== Task requirements ==
The result should be an exact copy of only the lines from the one with "New 2026 Hyundai Elantra Sport FWD image 12" through the last line of the data below, with pictures omitted.

== Records supplied ==
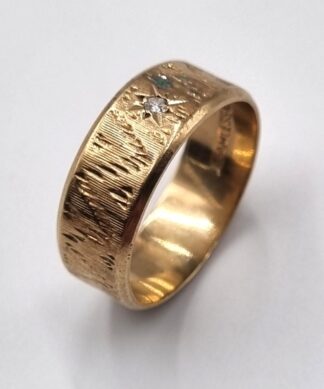 LOT 379 (32937) Est R2500 to R5000 - A Ladies 9ct Yellow Gold Solitaire Ring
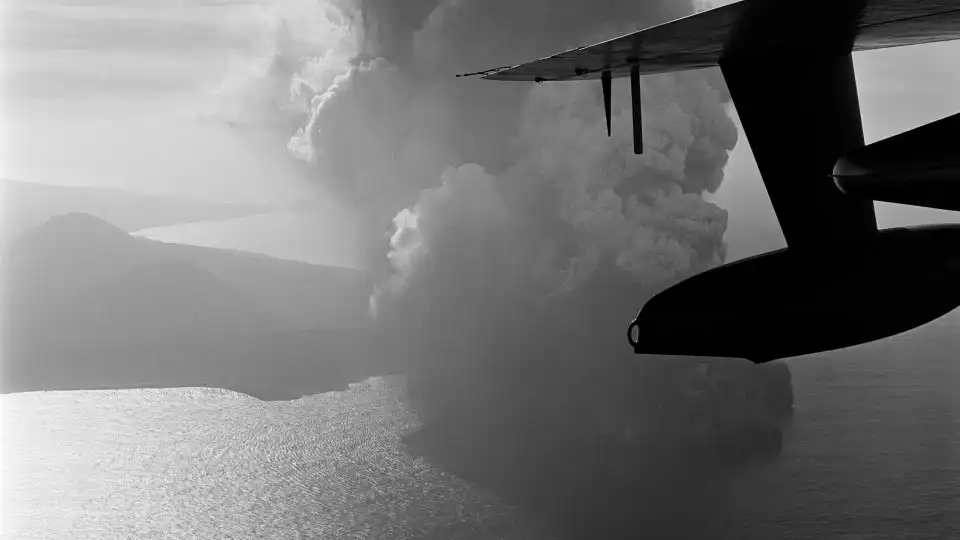 Vulcão dos Capelinhos entrou em erupção há 67 anos. Veja as imagens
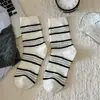 Calcetines de Otoño e Invierno para Mujer, Calcetines de Media Caña para Mujer con Bordado de Oso Blanco y Negro Estilo Japonés, Calcetines de Algodón de Moda para Mujer, Calcetines Largos sin Costuras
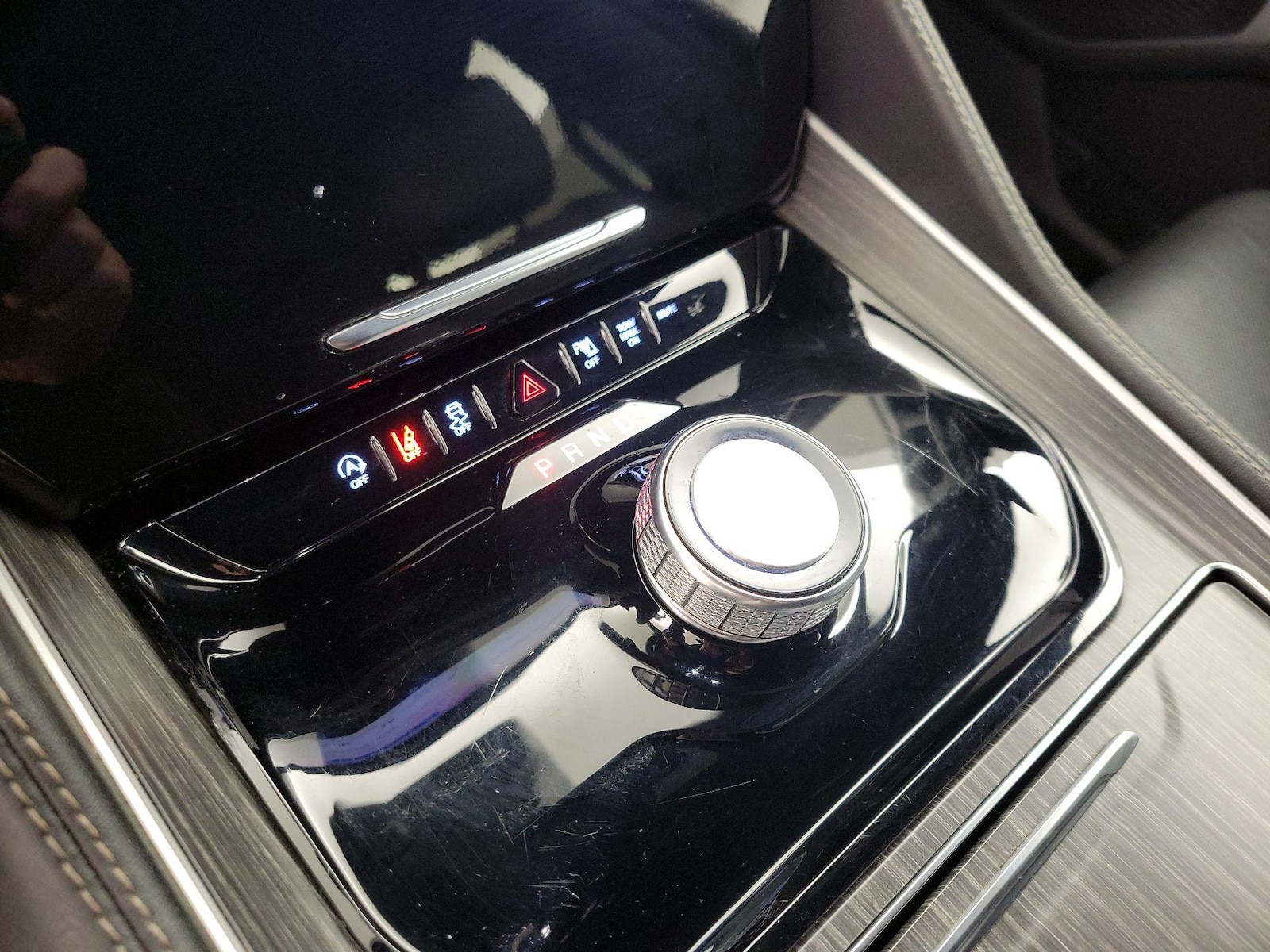 2024 Jeep Wagoneer L Series II - Photo 19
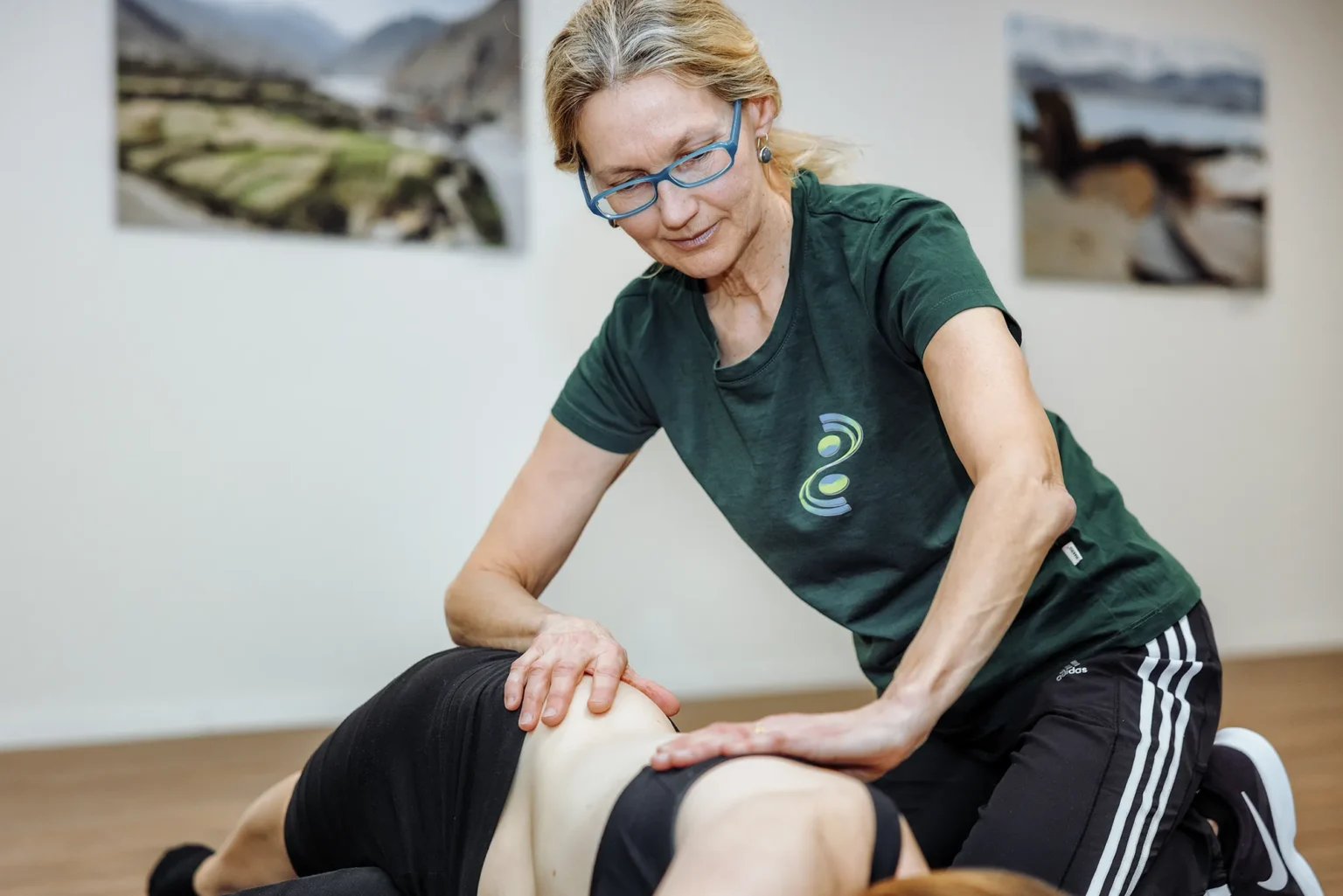 Skoliose-Behandlung: Drehung des Brustkorbes und die Gegendrehung des Beckens, Gesundheitspraxis Löwen Center in Luzern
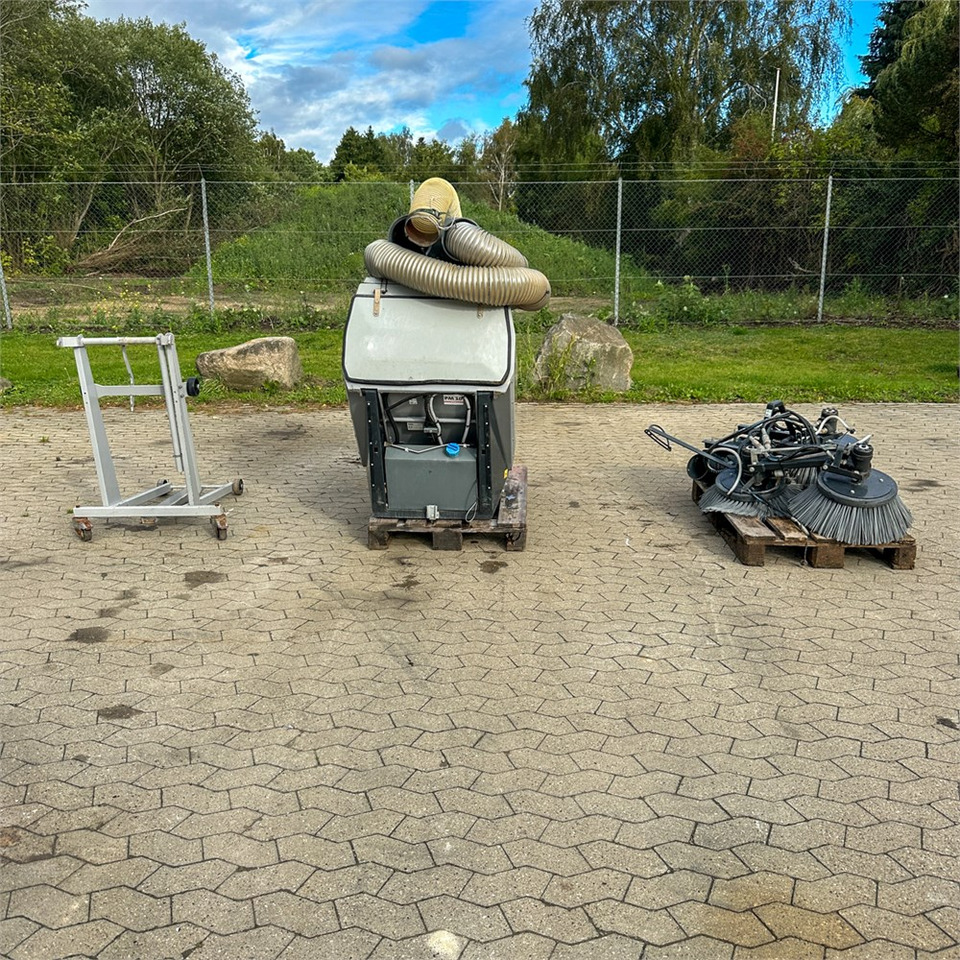 Nilfisk Engholm FS2150 & FK22150 - Udstyr for Fejebil: billede 2 Nilfisk Engholm FS2150 & FK22150 - Udstyr for Fejebil: billede 2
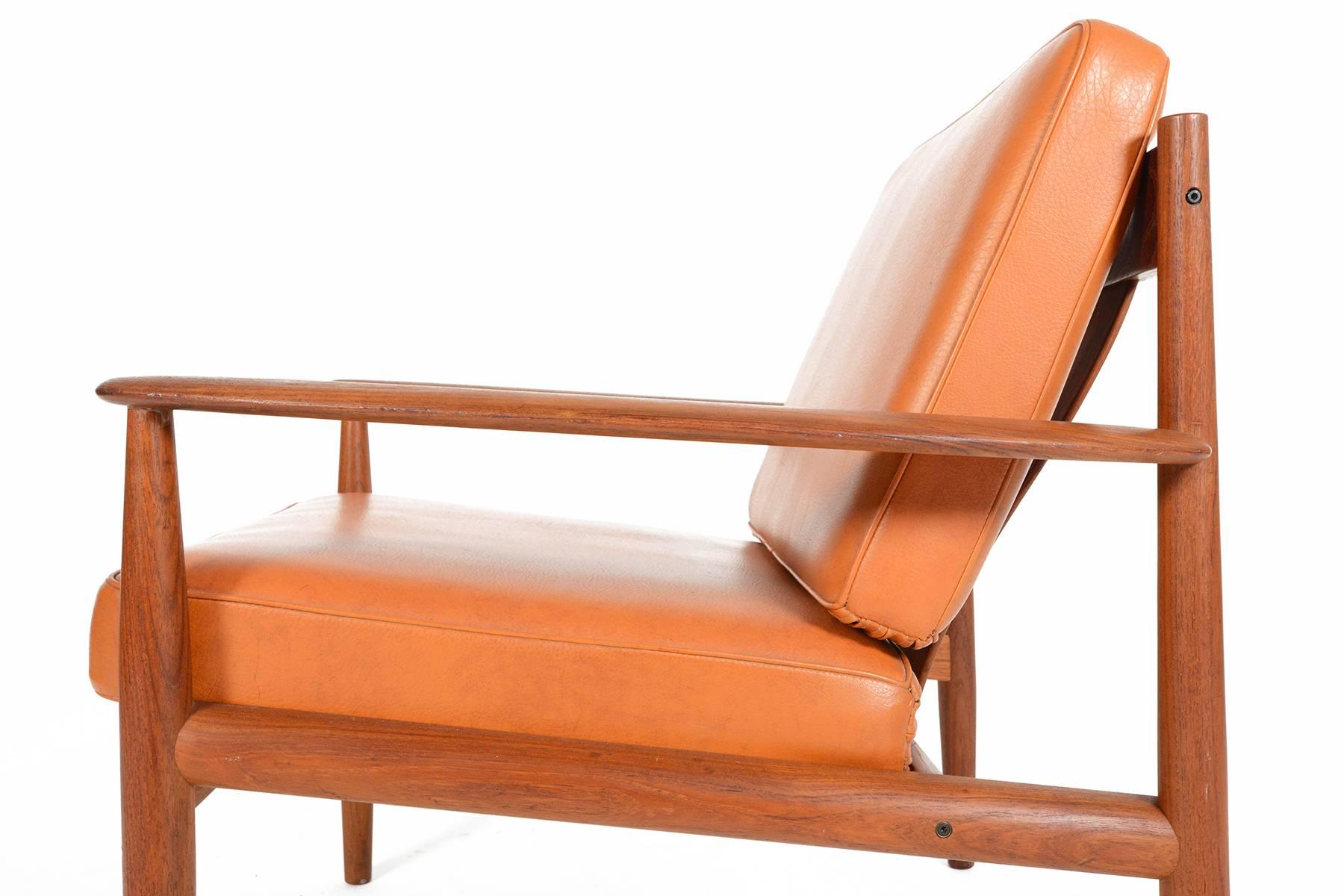 Pair of Grete Jalk Lounge Chairs in Teak 2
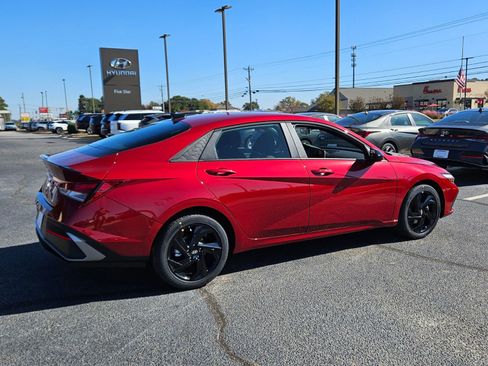 New 2026 Hyundai Elantra Sport FWD image 12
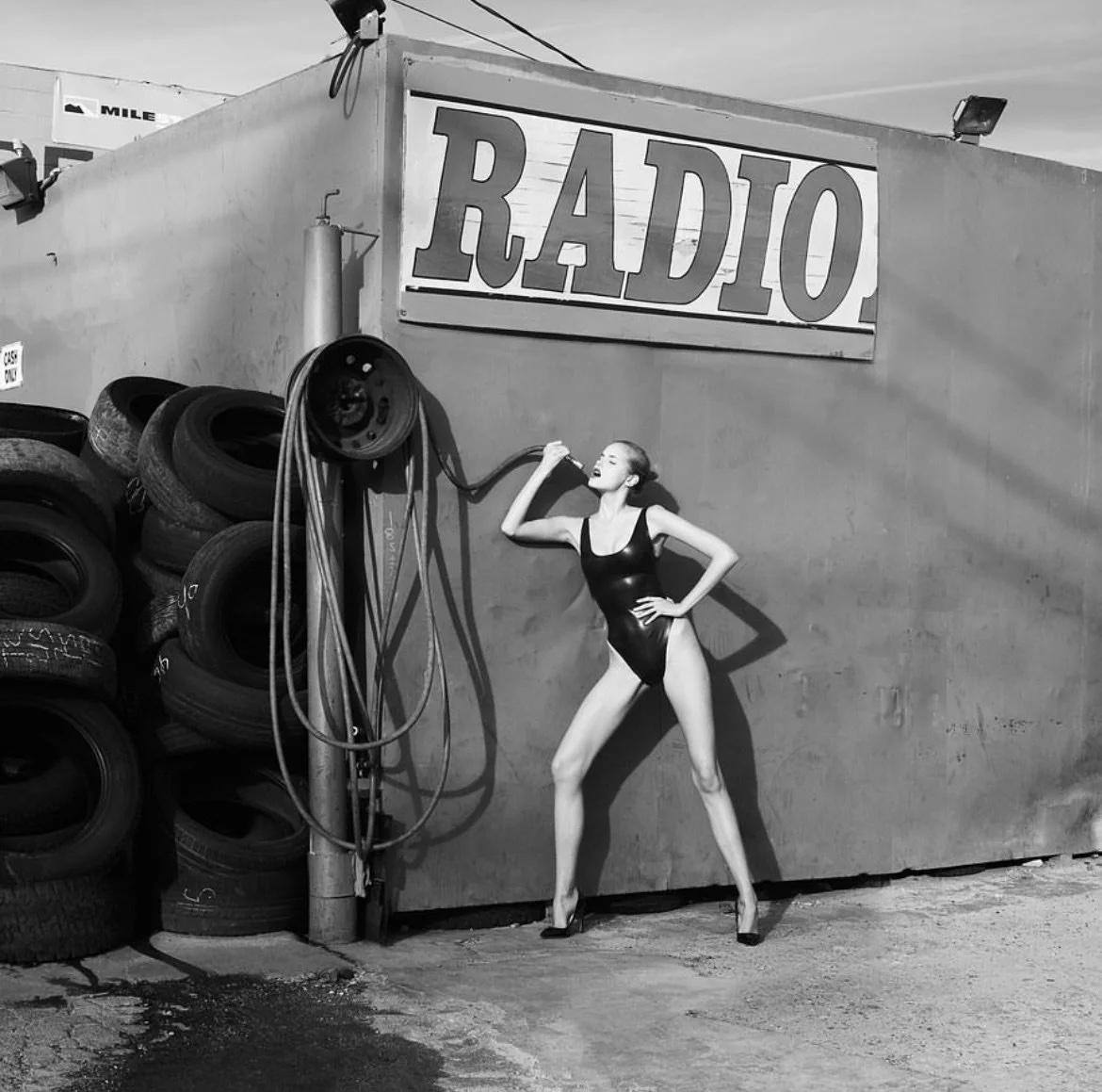 Tyler Shields - Radio, Fotografie 2023, Nachgedruckt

== Response box ==
 New 2026 Hyundai Elantra Sport FWD image 12
 Tyler Shields - Radio, Fotografie 2023, Nachgedruckt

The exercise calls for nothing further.